• _WHAT TO PRODUCE_: The listing below is to be given again in full and word for word, without its images.

• _DATA_:
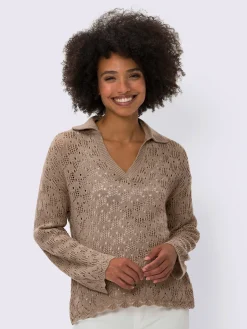 Linea Tesini Pulls<Pull ajouré motif ajouré léger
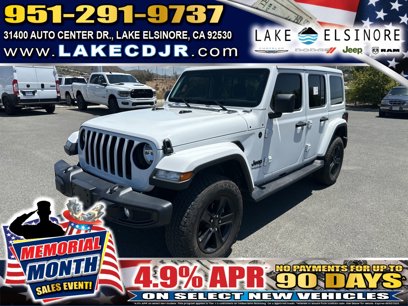 Used 2021 Jeep Wrangler Unlimited Sahara
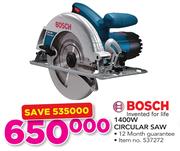 Bosch 1400W Circular Saw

• _RESULT_:
 Linea Tesini Pulls<Pull ajouré motif ajouré léger
 Used 2021 Jeep Wrangler Unlimited Sahara
 Bosch 1400W Circular Saw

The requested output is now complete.